Catholic Ministry Appeal – Baptism of the Lord

Jesus never sinned. So why did he get baptized?

To be close to us. Instead of the waters cleansing Jesus from original sin, we can think of Jesus’s submersion into the river Jordan as Him baptizing the water. By taking part in this ritual, Jesus elevates it. He raises it to the level of a sacrament, a moment when we know that He will be present, through which we can encounter Him. That’s what happened when each of us were baptized. We became Christ’s brothers and sisters.

And if we’re joined to Jesus in baptism, then what he hears after coming ashore also applies to us: “You are my beloved son; with you I am well pleased.” Through baptism, we become sons and daughters of God. This is our true identity!

Reminding ourselves of this identity—for instance, when we make the sign of the cross with Holy Water—transforms the way we live. If God is Our Father, it means our life is a gift. And it means He’s inviting us into his work of generosity and love. How does this change the way we think about helping our parish community? About volunteering our time and talents? About supporting the Catholic Ministry Appeal? Pray about it and see!

 

Catholic Ministry Appeal – Love is Serving Others

True love responds to the earthly and everyday needs of our community.
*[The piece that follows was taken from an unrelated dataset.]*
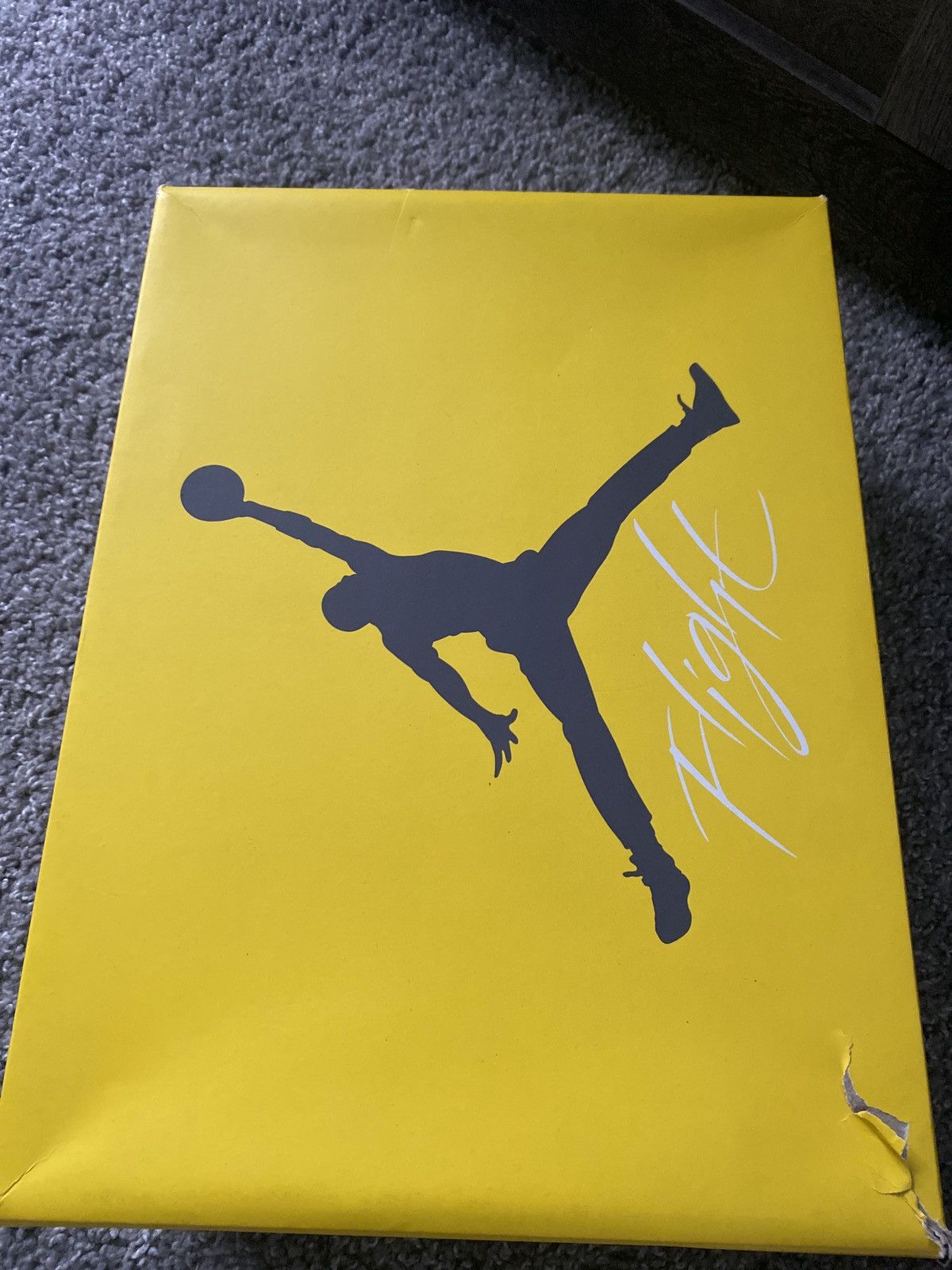 Jordan Brand × Nike Jordan lighting 4s Size US 11 / EU 44 - 8 Thumbnail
You can show your love for your parish community by supporting our Catholic Ministry Appeal.

If you had to identify the most important priorities for the Son of God, Savior of Mankind, to accomplish during his earthly mission, saving a wedding feast by turning water into wine probably wouldn’t be at the top of the list. So what is Jesus doing in today’s Gospel?

Among other things, he’s demonstrating that love responds to earthly and everyday needs. It doesn’t just look for the big gestures or the grandiose displays—it looks for concrete opportunities. If love is true love, its focus isn’t self-aggrandizement, but actually serving the good of the other—like Christ does through something seemingly as mundane as providing good refreshment for the guests at a wedding.

We’re called to love like Jesus does: by responding to the concrete needs of our community. Contributing to our Catholic Ministry Appeal might not be glamorous or grandiose—but you’ll be helping meet the everyday needs of your parish when you do. Ask Jesus to show you how He wants you to love in this way and see where it leads you!

Catholic Ministry Appeal – Share What Is Meaningful To You

Jesus brings glad tidings to a world in need—and He does so through our parish community. Support our good work by contributing to the annual appeal today!

Today’s Gospel is a transformational moment for Jesus. After standing up in the synagogue and reading Isaiah’s prophecy about the coming of one who will free the captives, heal the blind, and bring glad tidings to the poor, Jesus tells those gathered: “Today the Scripture passage is fulfilled in your hearing.” Jesus gives his listeners any other interpretation: He is the Messiah. He is the one who fulfills all the Old Testament prophecies.

Do we believe this? Do we believe that Jesus really can bring freedom and healing and spiritual richness, to us and to the world? If so, then how important is His Church? How important is the liturgy, the sacraments, acts of Christian service, learning the Church’s teachings, and all the other good things we do at our parish?

Our parish activity is an essential way that Christ continues to fulfill these ancient prophecies, pouring His love out into the world. Help this essential work continue by supporting our diocese’s Catholic Ministry Appeal today.